This commentary focuses on the how topic. Succinctly stated, identifying and using suitable methods with fidelity is essential; and how we teach children should receive priority consideration as a research topic and in matters related to educator practice, professional development and preparation. Achieving general consensus on the importance of effective practices is relatively easy. Indeed, who within our profession or stakeholder groups would argue against working to ensure that teachers are highly skilled and knowledgeable in selecting, using and evaluating the most effectual instructional, management and other methods; and that conducting research leading to even more efficient and effective methods is crucial? Opposing such a declaration would be tantamount to arguing against the need for a more collaborative and united Congress or disagreeing that all countries should aggressively seek ways to support the basic rights of all people. Yet, apart from general consensus on the need for special educators to consistently use effective educational practices with their students (also of course that there is a need to create a more cooperative Congress and just world for all people), there is less than full agreement on particular issues linked to effective practices. There is also little indication this subject is a true priority for many educators. Thus, in spite of general (and often unenthusiastic) consensus among stakeholders on the need for use of maximally effective strategies, major obstacles challenge this enterprise. Achieving agreement on even the most basic questions, including the meaning and characteristics of effective practices and how to facilitate a more effective-practice minded profession, have been major challenges.
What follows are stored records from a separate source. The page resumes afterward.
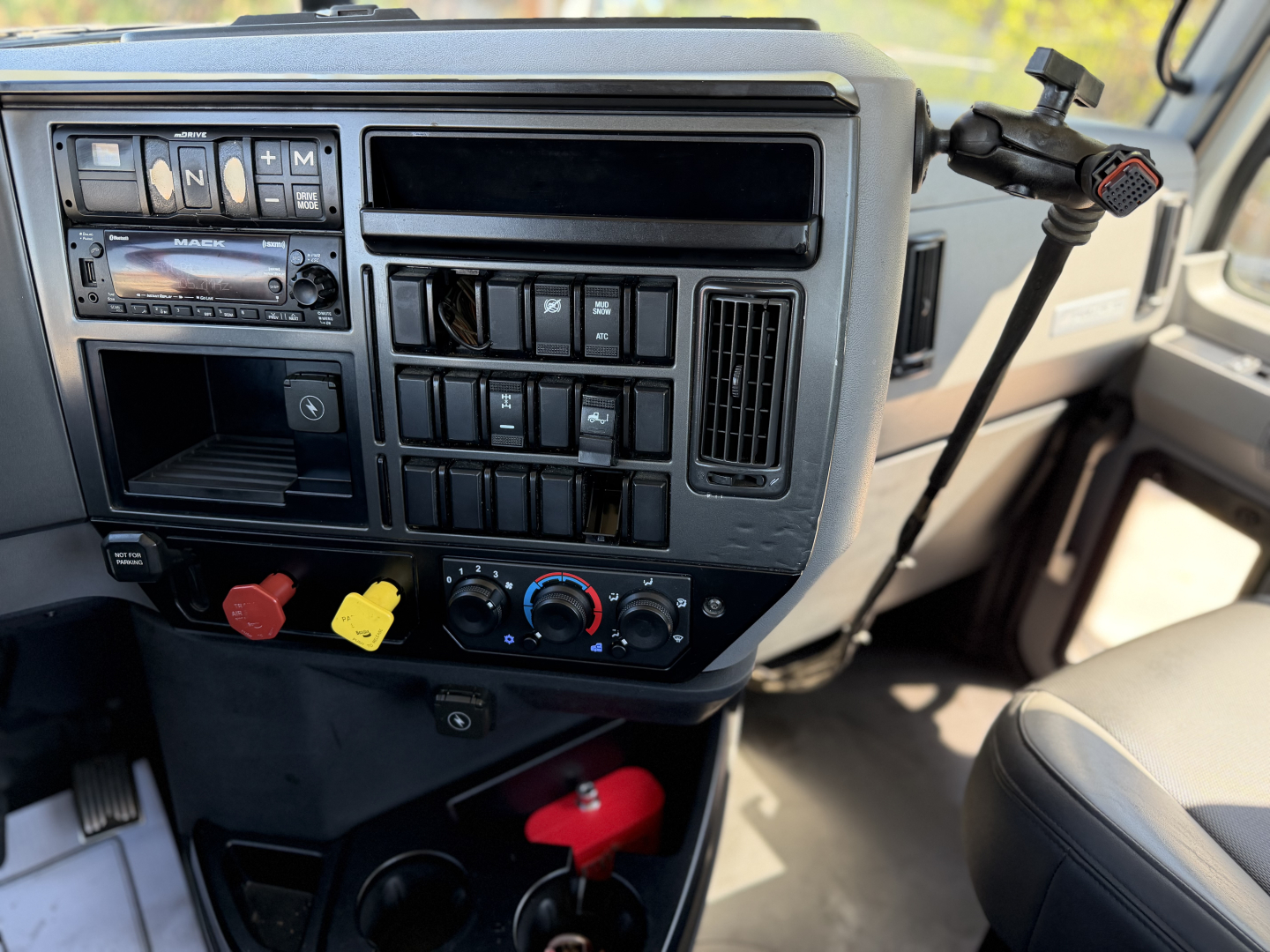 Dashboard of a 2023 Mack Anthem 64T truck cab showing radio, climate controls, auxiliary switches, steering wheel stalk, and driver seat. Visible labels and controls in center console.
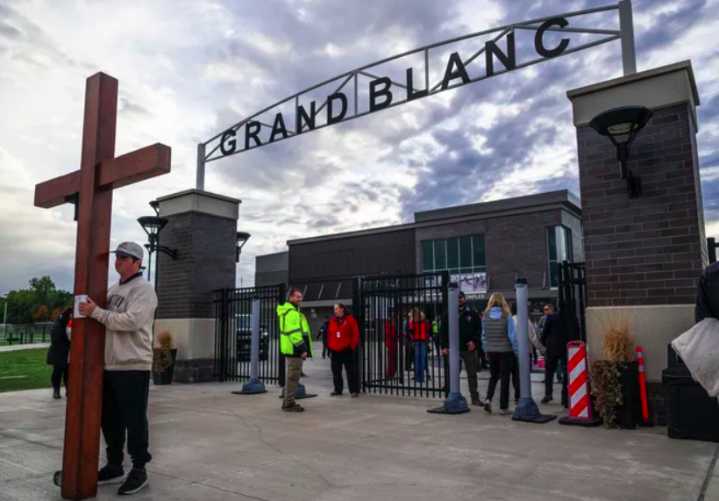 ‘It seems quieter’: Grand Blanc community mourns loss at football stadium
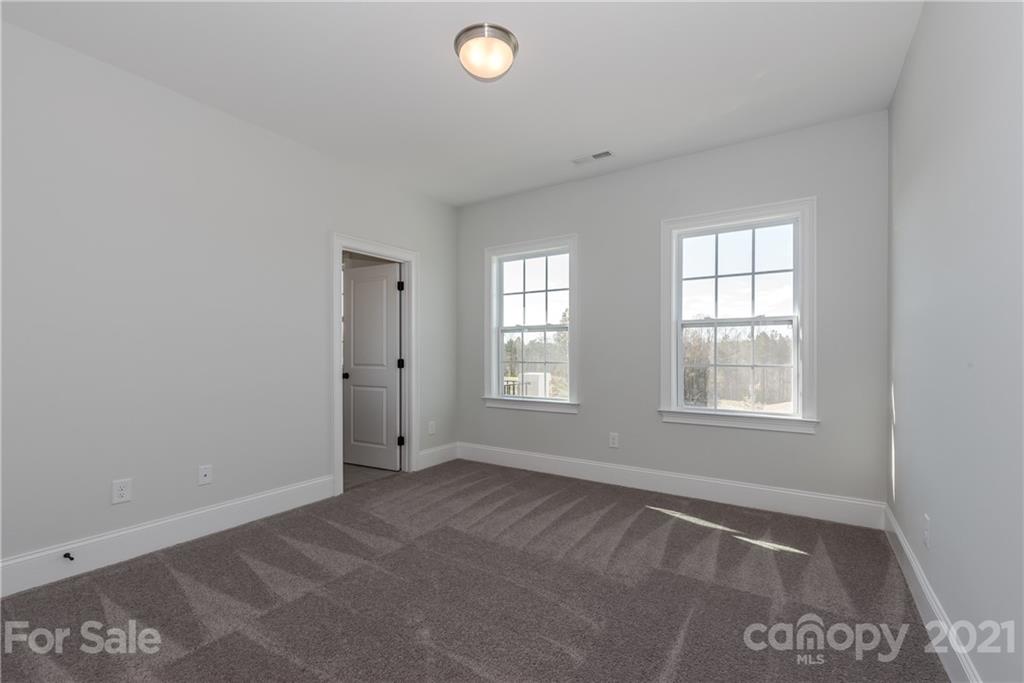 4006 Oarman Court, Unit 440 Fort Mill, SC 29708 - Photo 11 of 15 an empty room with windows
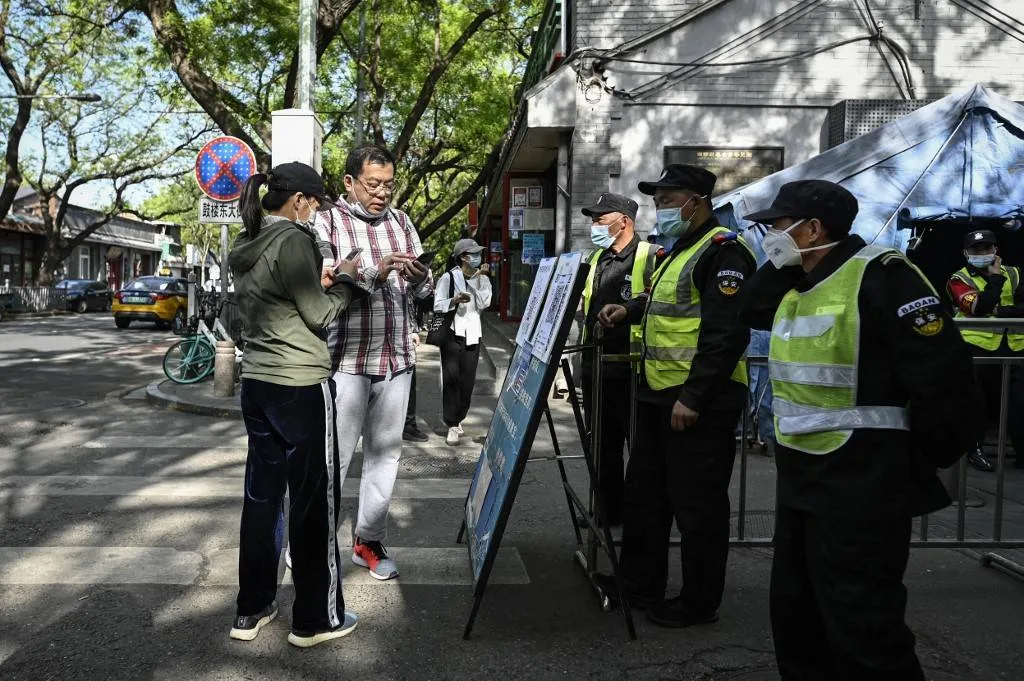 Beijing tightens Covid restrictions as long holiday begins
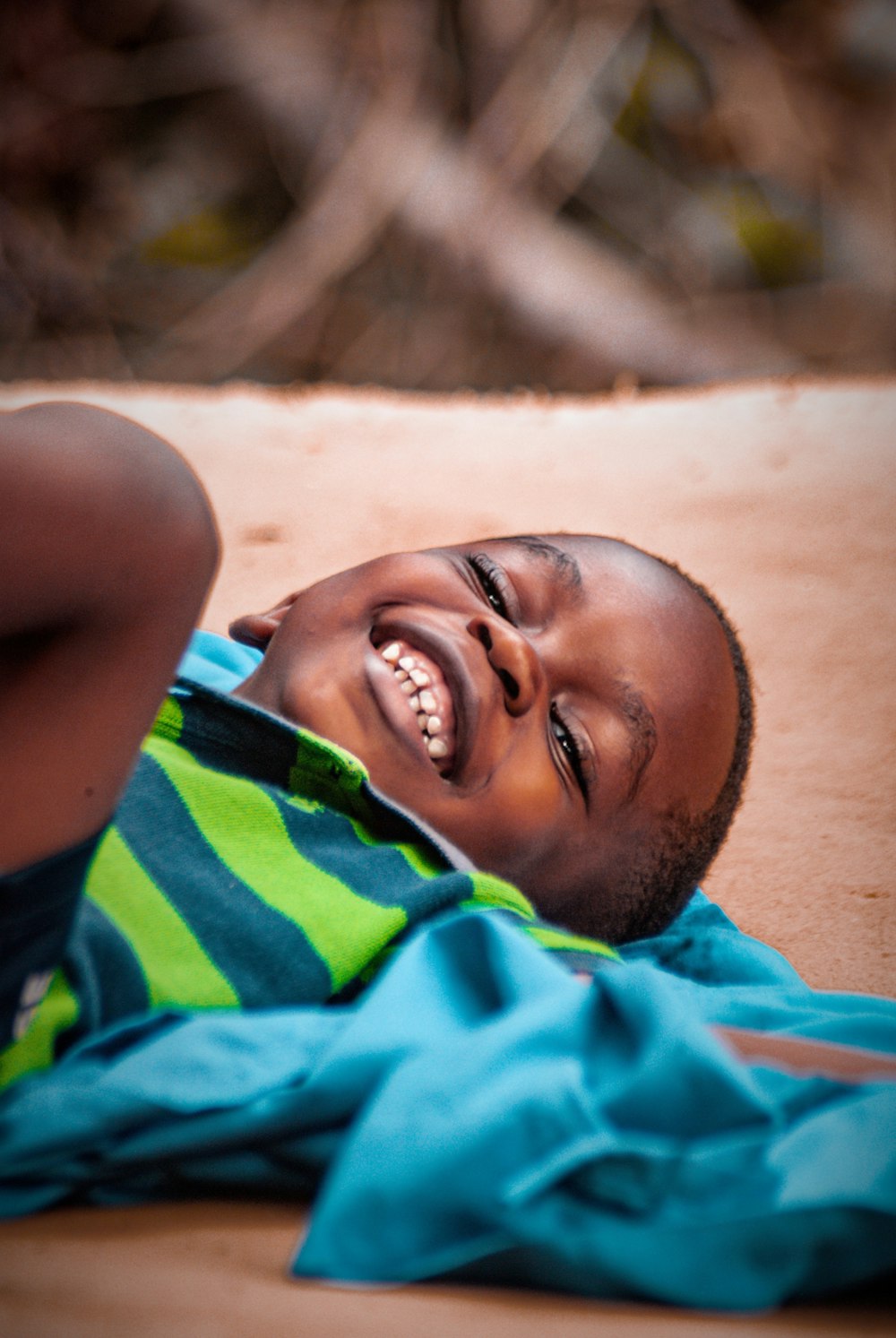 a little boy laying on the ground laughing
Selecting and using effective educational practices means using evidence-based methods (this author recognizes this is not a universally held interpretation). Variable terms are used to describe so-called effective educational procedures, including evidence-based methods and practices, scientifically supported interventions, and research-validated methods. These terms generally refer to methods and practices that have been shown to be efficacious based on objective and empirically valid and data-supported research. Shared features among evidence-based methods include a reliable and scientifically-valid evaluation or research design, clearly explained procedures, scientifically-supported evaluation methods, and peer-review vetting of claims (Cook, Tankersley, & Landrum, 2009). Unquestionably there are alternative evaluation procedures for determining if a method is an effective educational practice. In some cases informal, anecdotal and qualitative approaches have been used to make such judgments. Without question this information can often be constructive and useful. However, in the final analysis and as a definitive test of effectiveness, objective data-based scientific procedures are required. Only by adhering to such a process will the field be in a position to objectively identify and appropriately use those strategies with the greatest potential to positively advance the knowledge and skills of learners with disabilities and create maximally clear pathways to the best outcomes. Additionally, adopting and using evidence-based methods within all spheres of special education is an indispensable step towards developing and improving the image and overall professional standing of the field of special education.
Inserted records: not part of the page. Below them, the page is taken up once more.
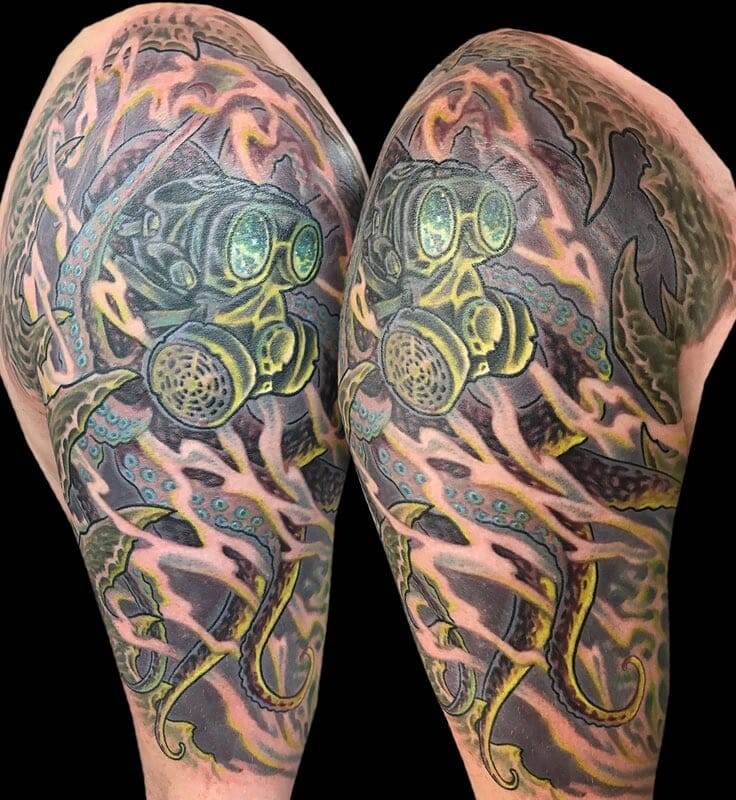 A tattoo of a man with a gas mask on his sleeve.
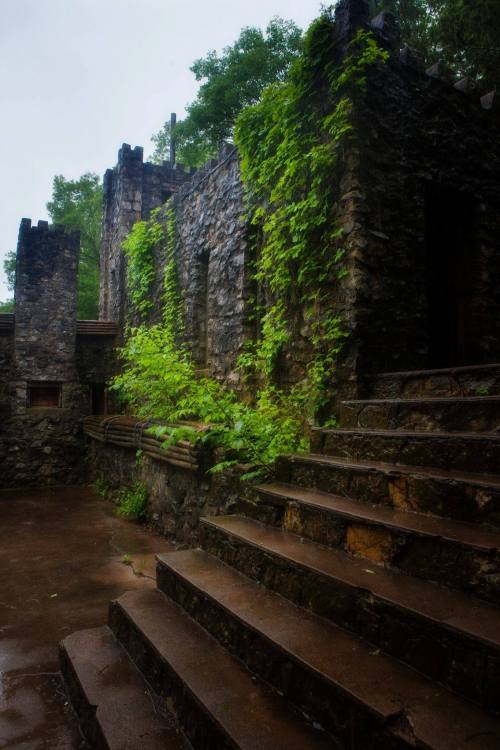 Overgrown stone ruins with moss-covered steps, surrounded by lush greenery and a cloudy sky.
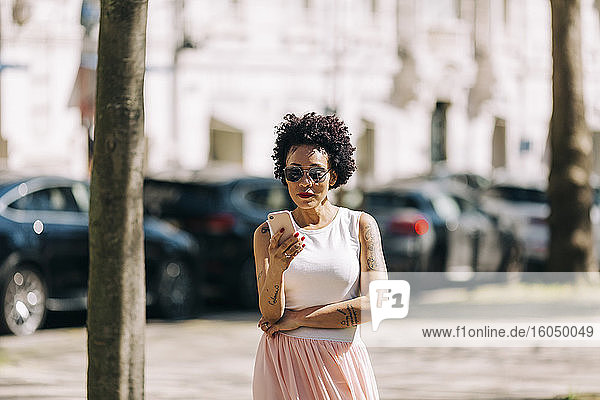 Stilvolle Frau mit lockigem Haar  die in der Stadt stehend ihr Smartphone benutzt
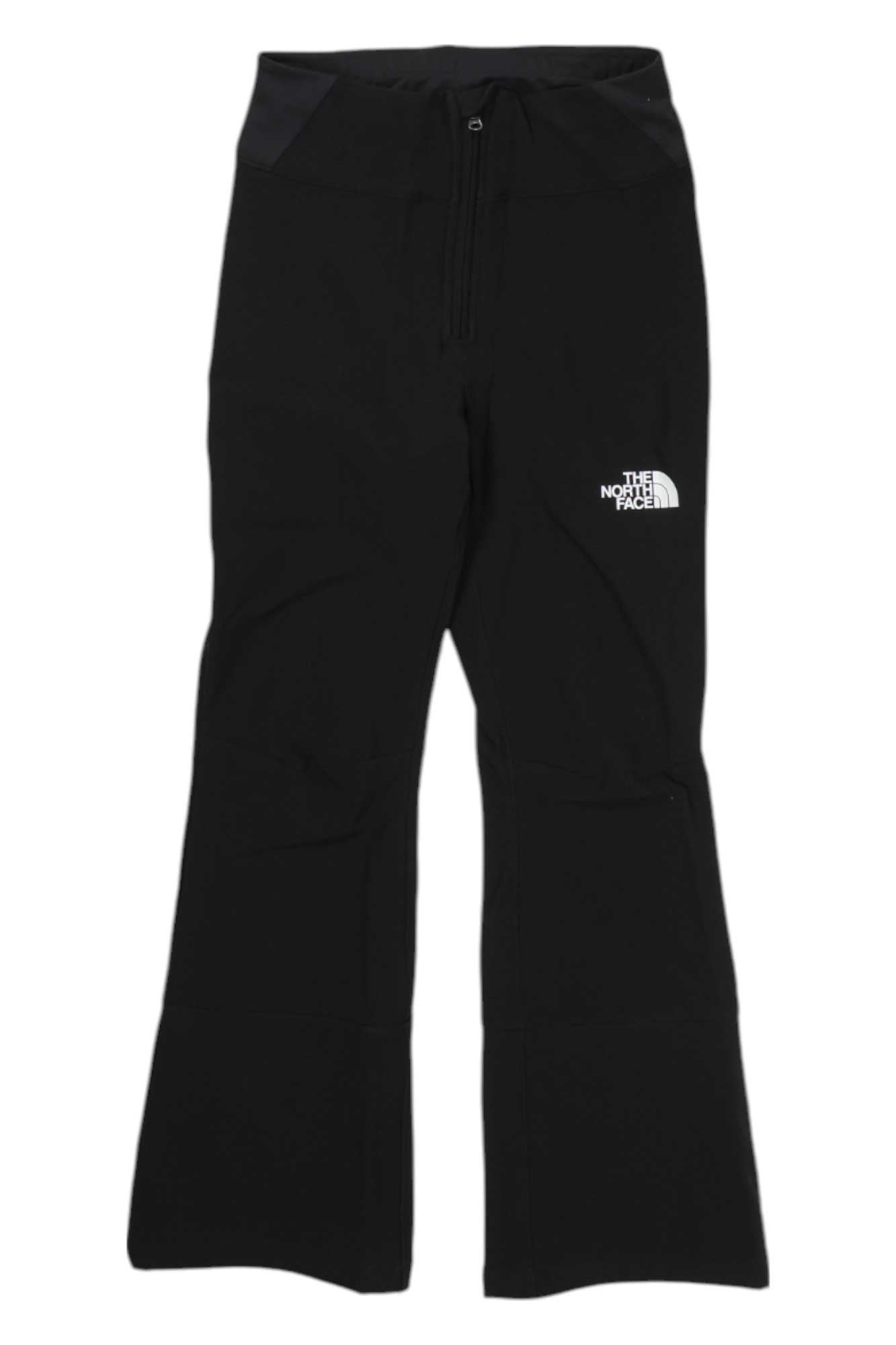 The North Face Girls Snoga Pant in black, featuring a front zipper and white logo on the left thigh, is displayed flat on a white background. These wind-resistant yoga pants offer seamless style and performance for girls.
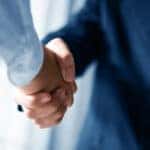 Man in a suit shaking hands with someone wearing a light blue button-up shirt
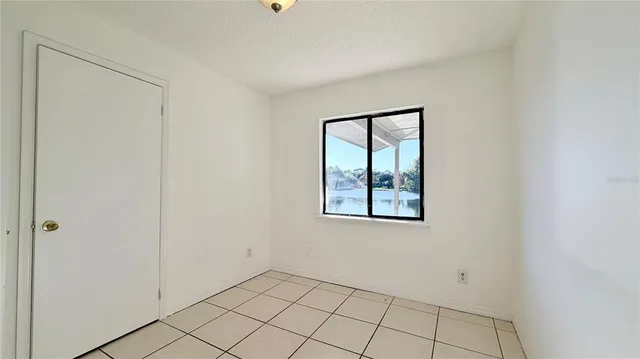 a view of an empty room with window and closet area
Adopting a “best-practice” model requires that educators commit to learning and correctly using methods that have objectively and scientifically demonstrated capacity to consistently produce the best outcomes. Simply stated this requires knowledge of assets, strengths and limitations of particular methods; and how each method aligns with the needs and characteristics of particular types of learners. It also involves accepting that some methods for children and youth with disabilities are superior to others relative to achieving empirically and scientifically validated outcomes. Finally, this mindset involves recognizing that the educational landscape is awash with unproven and commercially-motivated methods that have limited capacity to bring about socially valid gains. The ability to make unbiased and rational judgment about methodologies and a willingness to make decisions on the basis of student’s interests rather than ideology, personal preference and convenience is an essential step required of educators who aspire to be effective-method practitioners.
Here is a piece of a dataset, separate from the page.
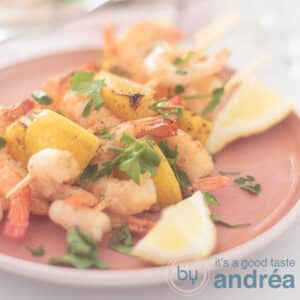 A square photo with a pink plate with three shrimp skewers interspersed with lemon and garnished with parsley.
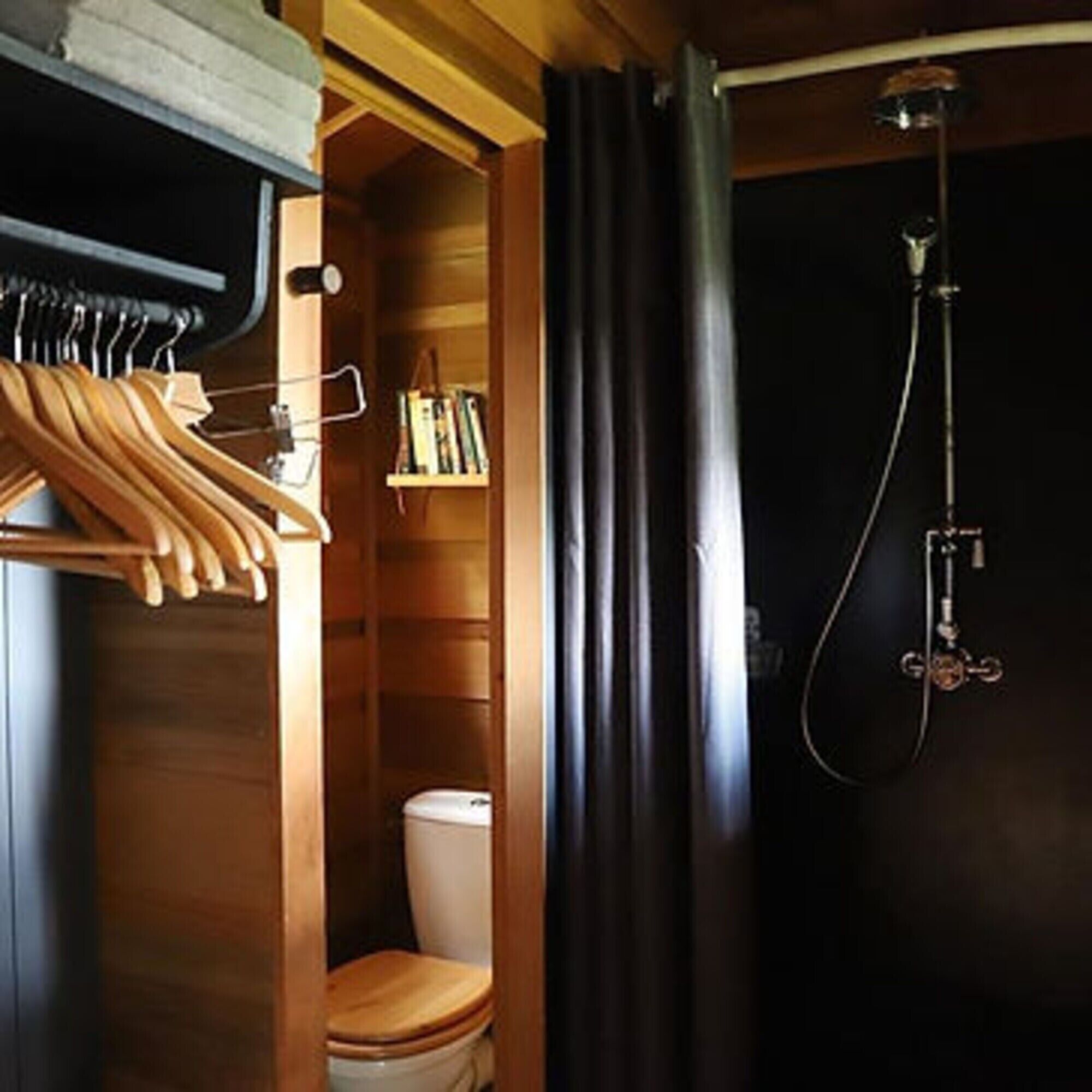 Un intérieur en bois avec des toilettes en bois, une douche avec un rideau et une étagère en bois remplie de livres.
Identifying methods that have effective-practice potential is not a Herculean task, however it is not easy. Use of three guiding questions can be helpful in judging methods: (a) what proof supports purportedly effective interventions and methods? (b) How will a selected intervention or method be evaluated? And (c) to what extent does an intervention or method fit an individual learner’s unique needs? The first question focuses attention on the scientific and objective evidence supporting a method, including the extent to which participants in research studies objectively benefited from a method; and the degree to which one’s own students or learners are similar to the research participants. This first-question process requires the ability to discriminate between scientifically valid research methods and products and methods lacking these characteristics. This translates as the ability and willingness of educators to interpret professional documents, peer-reviewed scientific journals, and related reports. This prerequisite skill has clear teacher education implications: Professional educators who aspire to consistently and independently use evidence-based methods with their students need to be taught to discriminate between objective and scientific research reports and the pseudoscience often found in non-peer-reviewed materials (e.g., anecdotally-based web reports, marketing and promotional brochures) and methods whose only support is personal testimony.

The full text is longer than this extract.